- [Assignment]: Your output is to consist only of the line containing "ウエリスアーバン中野坂上-318" and the lines after it, through the end of the data, reproduced exactly.

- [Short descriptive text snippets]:
━━━━━━

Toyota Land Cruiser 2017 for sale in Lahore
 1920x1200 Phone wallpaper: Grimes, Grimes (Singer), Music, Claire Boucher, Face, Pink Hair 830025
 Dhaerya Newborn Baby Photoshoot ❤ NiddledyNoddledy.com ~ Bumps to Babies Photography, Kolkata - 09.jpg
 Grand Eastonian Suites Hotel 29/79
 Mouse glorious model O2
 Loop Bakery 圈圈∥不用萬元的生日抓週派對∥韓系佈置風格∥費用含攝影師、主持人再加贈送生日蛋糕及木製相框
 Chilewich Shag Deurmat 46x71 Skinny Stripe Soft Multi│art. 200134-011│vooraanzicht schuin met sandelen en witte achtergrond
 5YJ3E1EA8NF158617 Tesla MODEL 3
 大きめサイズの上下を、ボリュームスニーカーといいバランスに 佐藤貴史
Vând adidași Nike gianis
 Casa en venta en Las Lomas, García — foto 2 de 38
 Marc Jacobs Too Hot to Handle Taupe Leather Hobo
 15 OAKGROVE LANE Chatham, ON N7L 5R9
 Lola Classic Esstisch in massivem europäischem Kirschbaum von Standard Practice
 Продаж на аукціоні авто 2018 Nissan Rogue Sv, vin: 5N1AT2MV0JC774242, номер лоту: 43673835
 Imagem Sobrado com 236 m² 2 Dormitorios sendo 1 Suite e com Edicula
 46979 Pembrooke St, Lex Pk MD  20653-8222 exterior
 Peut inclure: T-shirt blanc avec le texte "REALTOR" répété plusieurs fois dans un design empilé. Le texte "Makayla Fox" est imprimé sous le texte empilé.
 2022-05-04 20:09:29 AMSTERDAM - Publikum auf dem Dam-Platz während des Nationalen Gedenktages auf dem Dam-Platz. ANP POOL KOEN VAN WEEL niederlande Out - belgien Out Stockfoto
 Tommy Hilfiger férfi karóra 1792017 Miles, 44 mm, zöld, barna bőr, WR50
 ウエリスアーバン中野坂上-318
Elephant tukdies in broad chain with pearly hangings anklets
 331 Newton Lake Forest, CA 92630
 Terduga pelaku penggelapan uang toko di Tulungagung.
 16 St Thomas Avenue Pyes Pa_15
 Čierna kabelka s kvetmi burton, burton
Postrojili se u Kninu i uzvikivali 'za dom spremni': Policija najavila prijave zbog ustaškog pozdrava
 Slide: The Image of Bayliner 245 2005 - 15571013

━━━━━━

- [Output of the task]:
 ウエリスアーバン中野坂上-318
Elephant tukdies in broad chain with pearly hangings anklets
 331 Newton Lake Forest, CA 92630
 Terduga pelaku penggelapan uang toko di Tulungagung.
 16 St Thomas Avenue Pyes Pa_15
 Čierna kabelka s kvetmi burton, burton
Postrojili se u Kninu i uzvikivali 'za dom spremni': Policija najavila prijave zbog ustaškog pozdrava
 Slide: The Image of Bayliner 245 2005 - 15571013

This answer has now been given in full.